Additional instruction

There is however an additional property in integer multiplication that is quite useful for example to reduce complexity in Big number multiplication.
When multiplying two integer the result will be able to fit in an integer with double the width and still have enough room to add at least 2 additional integers without overflowing.
This allows to perform an integer fused multiply add while only needing to output 2 integers for high and low bits. Thus I would also like to propose the addition of mul_add_wide to the standard.
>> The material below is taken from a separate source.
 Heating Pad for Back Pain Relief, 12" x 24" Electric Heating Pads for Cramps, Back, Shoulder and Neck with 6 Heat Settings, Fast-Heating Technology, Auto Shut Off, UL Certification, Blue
Within the overflow family, when casting a higher width type to a smaller width type the cast can discard bits leading to an "overflow". While a cast itself with an optional overflow bit would be awkward to use (given that it would require 2 output types, the casted value and the overflow bit), asking the question "if I static cast this value between these 2 types would I lose information?" is a perfectly valid thing to do.

The final family table should look like this:

Type of operation Standard Saturated Safe overflow Wide arithmetic
Addition + add_sat add_overflow add_carry
Subtraction - sub_sat sub_overflow sub_borrow
Multiplication * mul_sat mul_overflow mul_wide, mul_add_wide
Division, Remainder/, %, div_rem div_sat* div_overflow*, div_rem_overflow* div_wide
Type casting static_cast saturate_cast would_cast_overflow N/A

* maybe removed, doesn't hurt to have but also not worth keeping

Library header

I agree with the approach presented by [P0543] which adds the new functionality to the <numeric> library.
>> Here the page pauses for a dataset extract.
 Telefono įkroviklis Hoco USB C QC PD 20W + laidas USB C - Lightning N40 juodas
These are functions that performs numerical operations, a new library is not required.

Overloads, Function Templates, or Named Functions

[P0543] proposes function templates while [P3018] proposes specific named functions. I happen to agree that the use of template arguments is preferable over the alternatives for the following reasons:

Using function templates is just better, as in many circumstances it allows you the option to eat your cake or keep it.

However, there is an elephant in the room that one needs to acknowledge.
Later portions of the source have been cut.